When a concurrent change is detected, server 12 initiates (51) a concurrency resolution process to resolve any conflicts between the version “C” (Client 16) master data from client 16 and the version “B” (Client 21) master data from client 21 before updating the server master data (version “A” (Server 12)). The concurrency resolution process may be configured to identify, and to resolve, any inconsistencies between versions “B” (Client 21) and “C” (Client 16). Any type of concurrency resolution process may be used, including interactive and non-interactive processes.
In one implementation, the concurrency resolution process 52 consolidates the changes (from clients 16 and 21) to be made to the server master data (version “A” (Server 12)) and makes the consolidated changes to the server master data. Server 12 thereafter posts (54) the resulting updated data. The posted data may then be propagated to, or accessed by, the remaining clients of server 12.
Referring back to block 49, if the pending flag is not on, or if pending changes from client 16 do not address the same piece of data as the pending changes from client 21 (which is determined based on the metadata associated with the corresponding data updates), server 12 need not initiate the concurrency resolution process. Instead, server 12 simply incorporates (55) the data updates into the server master data and posts (54) the resulting updated data. As before, the posted data may be propagated to, or accessed by, the remaining clients of server 12.
As was the case above, process 60 includes two stages 61 and 62. Stage 61 is performed on a client, such as client 21, and stage 62 is performed on central server 12. Stage 61 may be implemented by computer program 35. Stage 62 may be implemented by computer program 26.
In stage 61, client 21 modifies (64) its copy of master data. For example, client 21 may modify the telephone number of a client that is stored in a data object on client 21. Thereafter, client 21 sends (65) a data update to central server 12. As was the case above, the data update may include only the changes made to the data objects on client, an entire copy of each data object that has been changed, the entire set of master data on client 21, or some combination thereof. Along with the data update, client 21 sends metadata to central server 12. As explained above, the metadata is associated with the data update and contains one or more identifiers for the data update. The metadata identifies the client master data on client 21 (the client master data) and the original master data upon which the client master data is based. For example, the metadata may define one or more tokens that identify the client master data as version “B” (Client 21) and the original master data as version “A” (Server 12), where, as above, the parentheticals identify the source of the version (i.e., where the version is valid) and also the data to be changed.
Server 12 receives (66) the data update and metadata from client 21. Server 12 determines (67) whether there have been any previous changes to the server master data. When server 12 receives a data update and associated metadata, server 12 stores the data update and associated metadata in staging area 27. Server 12 also compares the metadata associated with the data update to the metadata stored with the server master data. In particular, server 12 identifies the original master data (e.g., version “A” (Server 12)) from the metadata from client 21 and from the metadata stored with the server master data. Server 12 thus knows the baseline of the master data, meaning the point from which the copies of the master data on client 21 and server 12 were changed. Server 12 also identifies the version of the data update from client 21 (e.g., version “B” (Server 12)) and the version of the data currently stored on server 12 (e.g., version “C” (Server 12)). Since current version “C” (Server 12) on the server is different from the baseline version “A” (Server 12), server 12 detects (69) a concurrent change.
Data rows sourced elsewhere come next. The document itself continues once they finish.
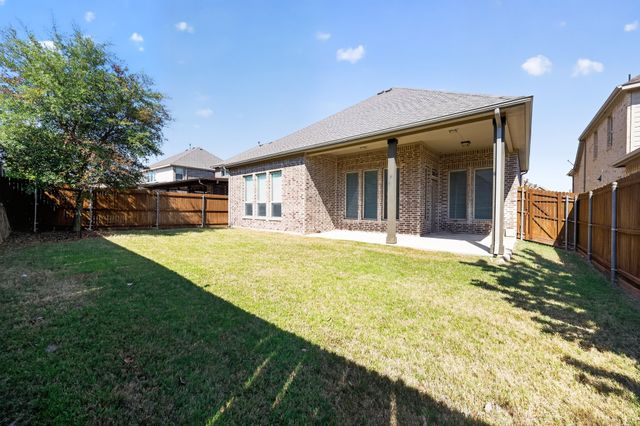 917 Sundrop Drive, Little Elm, TX 75068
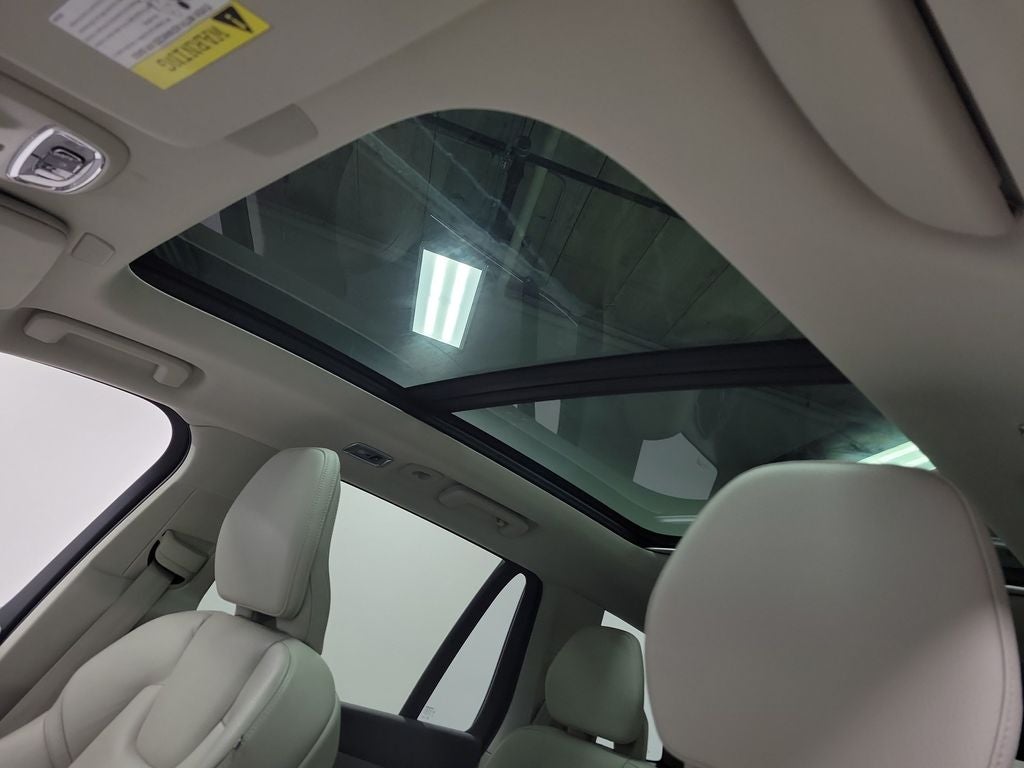2022 Volvo XC90 T5 Momentum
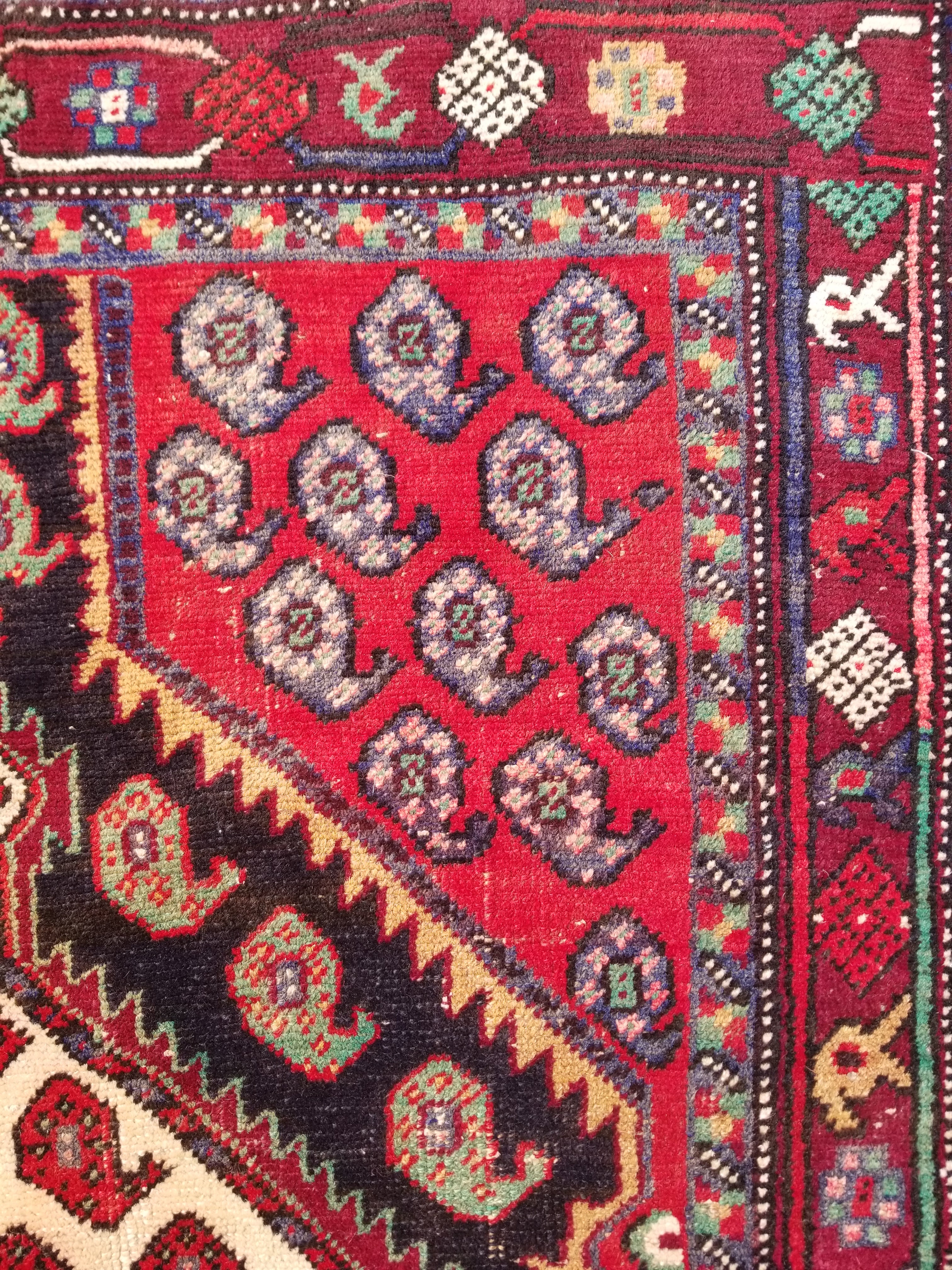 Distressed Vintage Traditional Handmade Qashqai Style Wool Rug 192x122cm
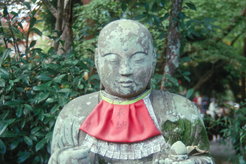 Statue of the bodhisattva Jizô in Kyoto (Photo: Christoph Brumann, 2012).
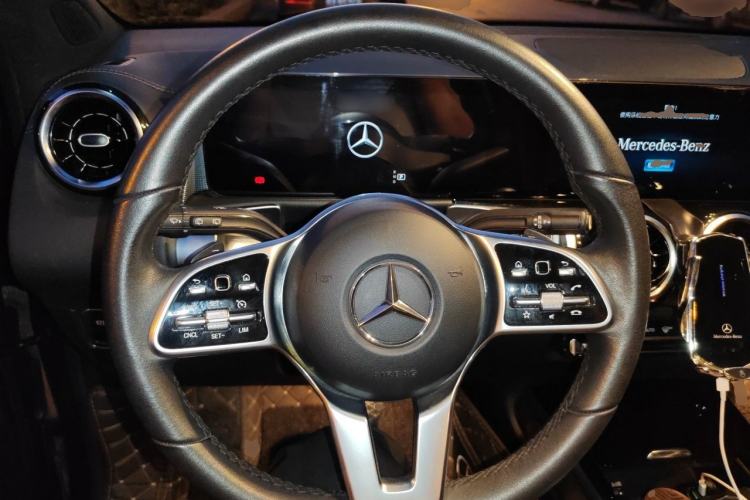 Used Mercedes-Benz GLB 2021 GLB 180 Fashion Model Steering Wheel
In this regard, server 12 cannot apply the client update automatically (because the baseline has changed). Instead, server 12 turns-on the pending flag to indicate that a change to the server master data is pending, and initiates (70) a concurrency resolution process (71) to resolve any conflicts between the version “C” (Server 12) master data on server 12 and the version “B” (Client 21) master data from client 21. The concurrency resolution process may be configured to identify, and to resolve, any inconsistencies between versions “B” (Client 21) and “C” (Server 12) knowing the original version of the client and server master data (version “A” (Server 12)). Any concurrency resolution process may be used, including interactive and non-interactive processes.
As was the case above, the concurrency resolution process may consolidate the changes to be made to the server master data and makes the consolidated changes to the server master data. Server 12 thereafter posts (72) the resulting updated data. The posted data may then be propagated to, or accessed by, the remaining clients of server 12.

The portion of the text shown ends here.